Here is the real hope: Did you know that almost every prophet of God experienced depression in his or her life? From Noah to David, from Ruth to Jonah, all the greats in the Bible walked through seasons of depression. It’s almost a requirement, if not the norm.
God knows how to work with depressed people. He has the simplest of solutions. First, He saves their lives. God doesn’t say that we won’t walk through a season that will depress us. He says that He will walk through them with us. But it gets better. As he is walking with us He protects our lives. Like how He sent a great fish to save Jonah, God sends the right people/things at the right time to keep us in His will. Sometimes that means we go to where He is and sometimes that means He stays with us where we are at. It always means that He is with us.

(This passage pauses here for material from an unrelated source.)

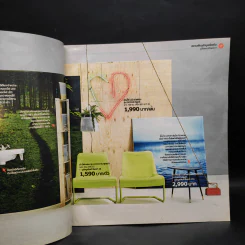 แคตตาล็อก IKEA 2014 รูปที่ 6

Second, He meets their physical needs. With Elijah, He used the birds to feed Him. With Jonah, He grew a plant. With Joseph, He sent people to prison. What we need is always known to God, but not always evident to us. I’d never have chosen to be homeless, but God knew that’s exactly what I needed.

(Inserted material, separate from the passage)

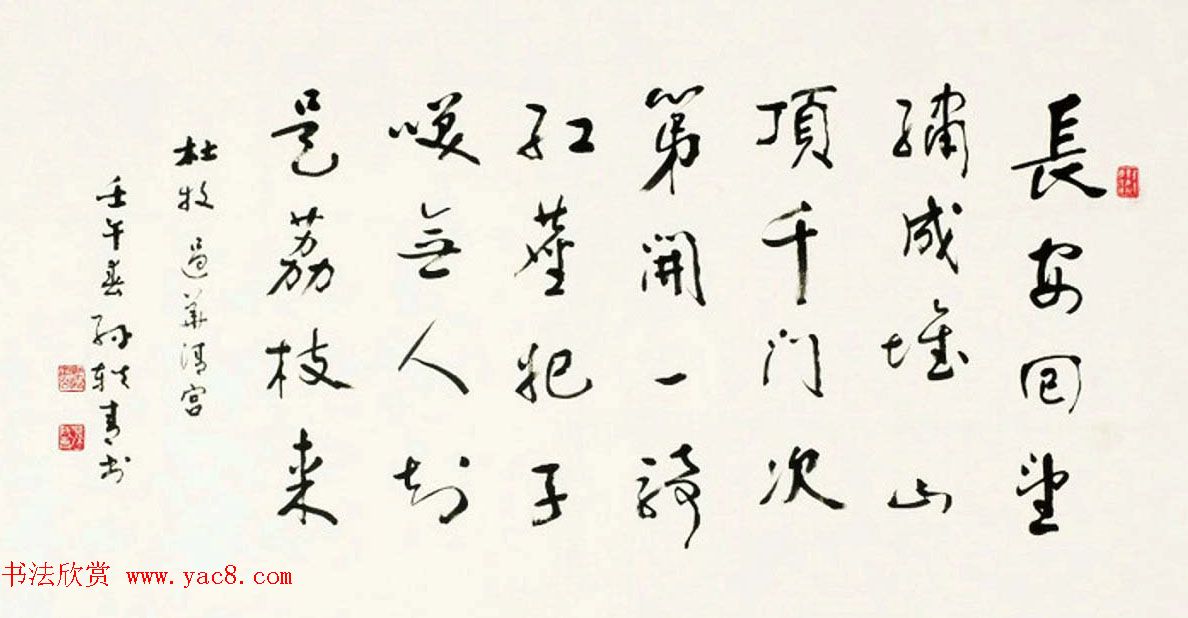 ԭ־ֳ鷨Ʒ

Third, He reminds us who He is. He understands that depressed people question His provision and He’s not afraid to talk about it. He responds every time. The response is never what we think. He reminds us each of who He is and that we are not Him. It’s not that He cares for us any less. In fact, we are here in this moment because of His care and He knows. That’s enough.
Then He lets us process that. Process what it means to have enough, for Him alone to be enough and that He has not left us, or anyone else for that matter.
Deep, right? So why aren’t we as Christians talking about this? We are fast to call sin, sin, but talk about God addressing depression? Not on the list.
All of these topics upset people. We have chained ourselves into ideas that restrict who God is and what He can do. We are passing those chains on to our children in the name of propriety and joy. Is that how you want to live?
I wrote this because I WANT to start a conversation. I want to know and love everything that God knows and loves. That starts with talking. Let’s break the silence together.